Le deuxième protagoniste du concert est Sir András Schiff, musicien polyvalent, qui prône une vision de la musique où le musicien est décloisonné de sa spécialité, embrasse large, tant par le répertoire que par les moyens. Tantôt au piano, tantôt à la direction, s’improvisant même chef de chœur dans un bis, il convainc par la justesse de sa pensée musicale, mais l’œuvre concertante, le Concerto n°2 pour piano de Brahms, pâtit par la réalisation, qui n’est sans doute pas à la hauteur de la pensée. Il fallait au moins l’orchestre de chambre pour s’en tirer à si bon compte et soutenir de cette manière les tempi lents du pianiste, si bien qu’à l’issue du concert c’est avant tout l’orchestre qui aura marqué les esprits, plus qu'András Schiff.

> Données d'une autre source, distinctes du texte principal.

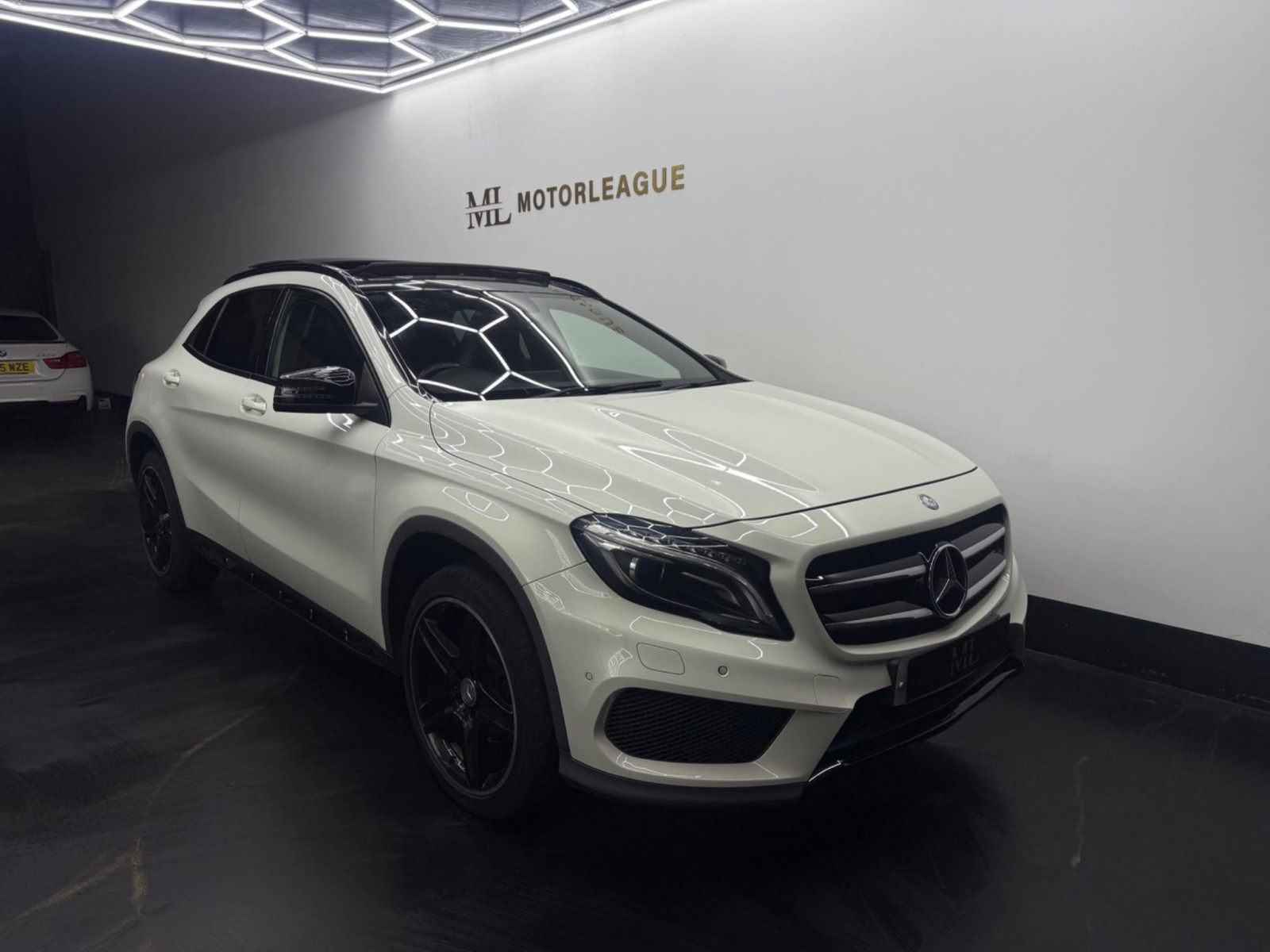 
                                                Voiture
                                                 Mercedes-Benz GLA 2.1 GLA220d AMG Line (Premium Plus) 7G-DCT 4MATIC Euro 6 (s/s) 5dr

Débutant un programme conçu avec une grande intelligence, le Ricercar a 3 de l’Offrande musicale de Bach est interprété au piano par András Schiff. Il faut du cran pour débuter un concert par l’énoncé du fameux thème du roi, entouré d’un orchestre silencieux et d’un public de 2000 personnes. Le son du Bosendorfer est clair, le toucher souple, et le pianiste sait différentier les trois voix sans les discriminer à outrance, pour un résultat sobre et équilibré. Le Ricercar a 6 est quant à lui interprété par six pupitres de l’orchestre : deux violons, deux altos, et deux violoncelles. Du jeu en noir et blanc, on gagne la dimension timbrique. Le premier alto entre, le violon le rejoint, puis le violoncelle, et les trois autres instruments. L’instrumentation et fascinante, car elle met d’autant plus en exergue la problématique de l’individu face au collectif, tandis que le flux contrapuntique, d’une densité extrême, gagne en matérialité non seulement par l’individualisation des timbres, mais également par l’individualisation des gestes : la note se fait coup d’archet dans le thème, alors qu’elle n’est pas si univoque dans les contrechants.